BEGIN
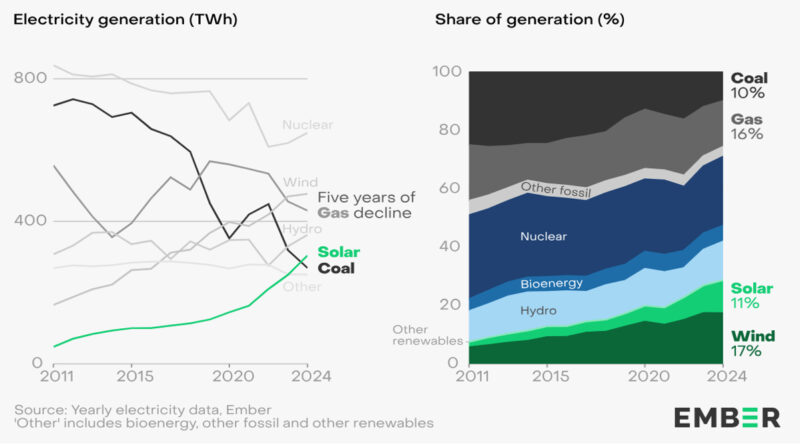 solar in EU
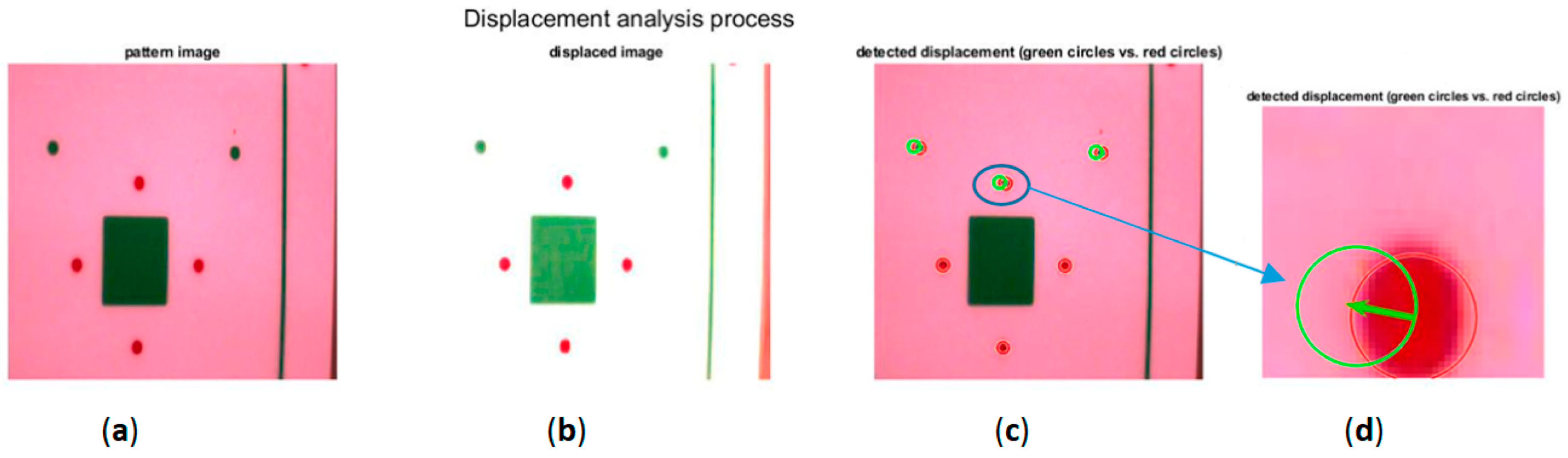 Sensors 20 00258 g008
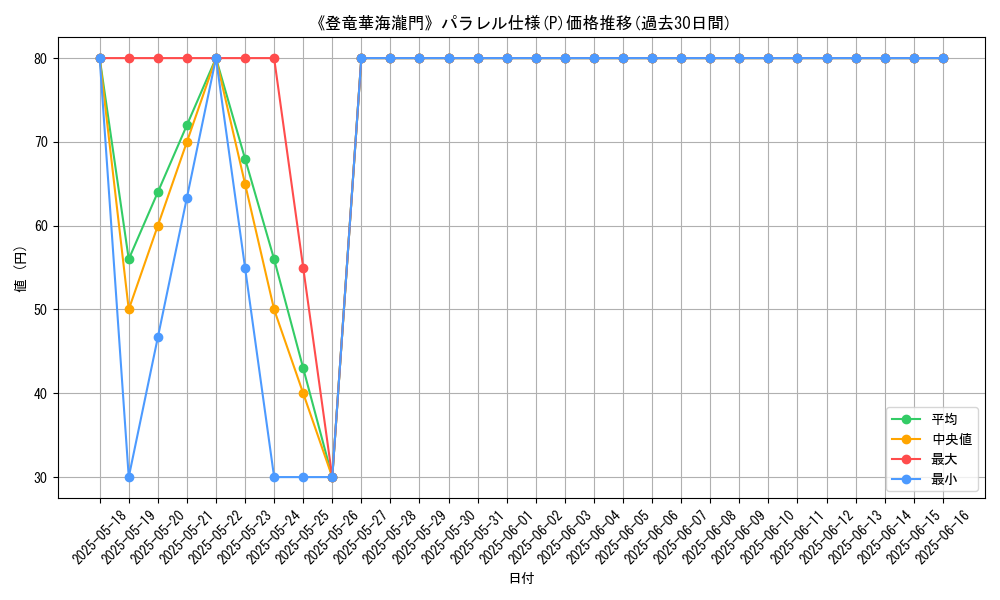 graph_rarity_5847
END
BEGIN
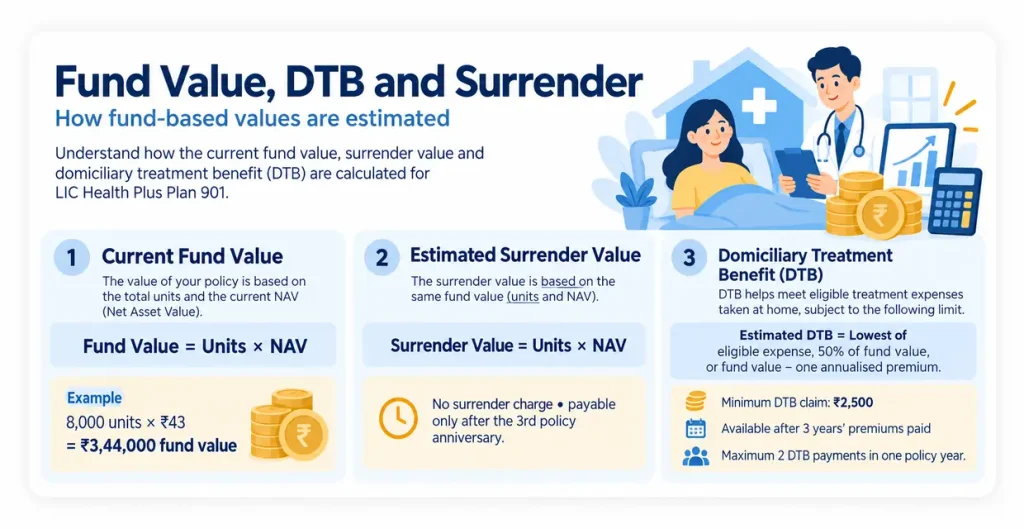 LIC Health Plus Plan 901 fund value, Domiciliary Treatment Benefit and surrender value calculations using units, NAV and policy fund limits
END
BEGIN
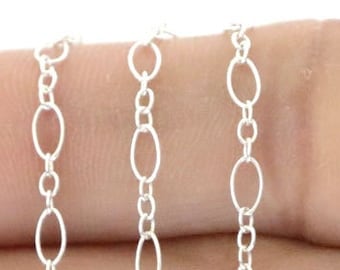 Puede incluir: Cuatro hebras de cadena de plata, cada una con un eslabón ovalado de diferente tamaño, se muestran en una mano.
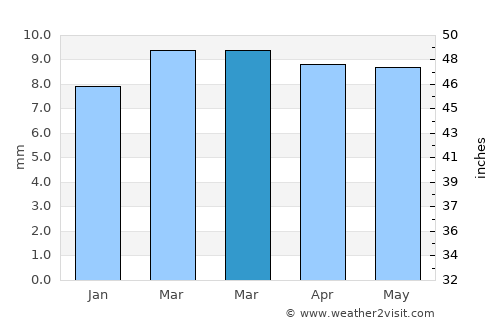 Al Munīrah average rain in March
END
> Exercise prompt:
Give again, exactly as written above, each line from the one that has "solar in EU" to the one that has "graph_rarity_5847", both included; omit the pictures.

> Output of the task:
 solar in EU
 Sensors 20 00258 g008
 graph_rarity_5847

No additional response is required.